§ **AVAILABLE DATA**

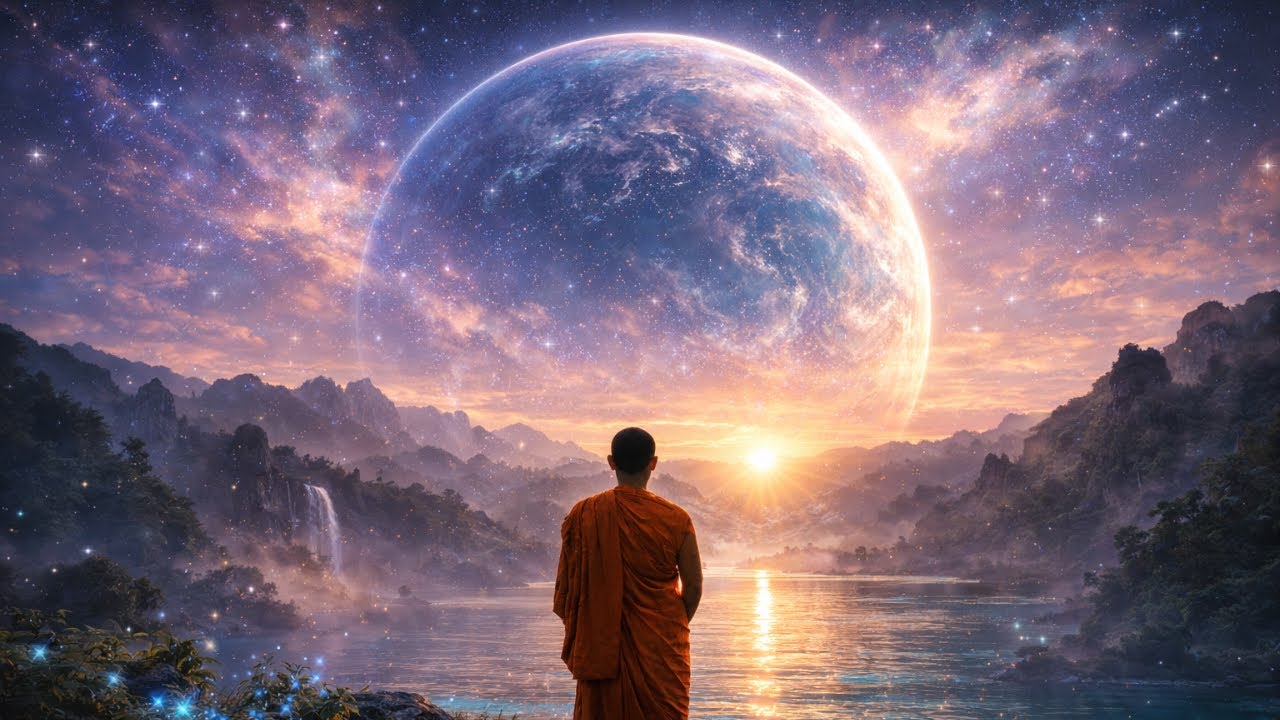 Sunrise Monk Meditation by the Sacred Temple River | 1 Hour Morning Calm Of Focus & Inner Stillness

---

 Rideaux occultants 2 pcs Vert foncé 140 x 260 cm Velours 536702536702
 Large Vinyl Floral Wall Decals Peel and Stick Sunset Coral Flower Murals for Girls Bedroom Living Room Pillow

...

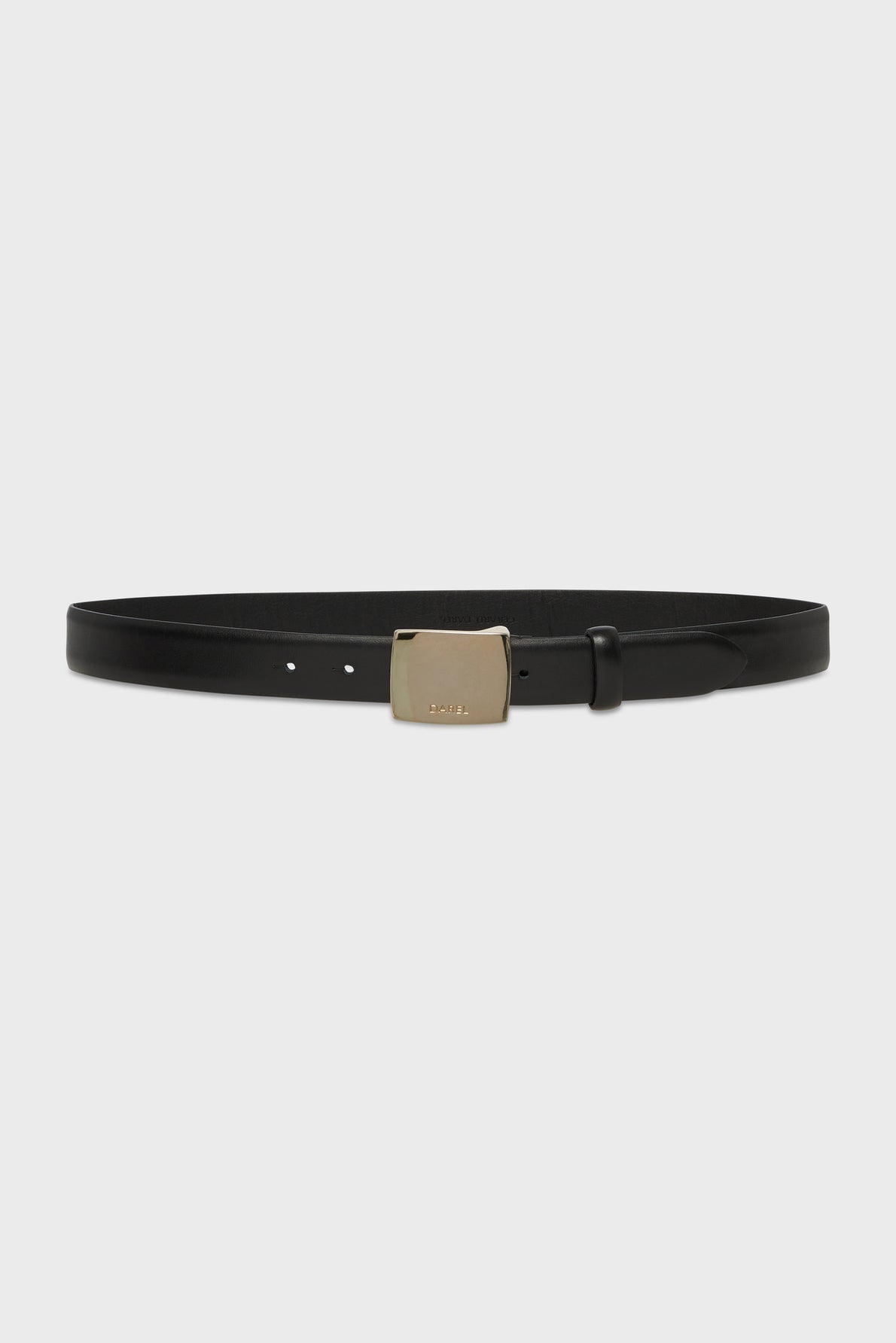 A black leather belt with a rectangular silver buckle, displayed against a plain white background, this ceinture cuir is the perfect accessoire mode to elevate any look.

§ **TASK DESCRIPTION**
Go through the material above and output exactly the lines from the one containing "Rideaux occultants 2" through the one containing "Large Vinyl Floral".

§ **ANSWER TO THE EXERCISE**
 Rideaux occultants 2 pcs Vert foncé 140 x 260 cm Velours 536702536702
 Large Vinyl Floral Wall Decals Peel and Stick Sunset Coral Flower Murals for Girls Bedroom Living Room Pillow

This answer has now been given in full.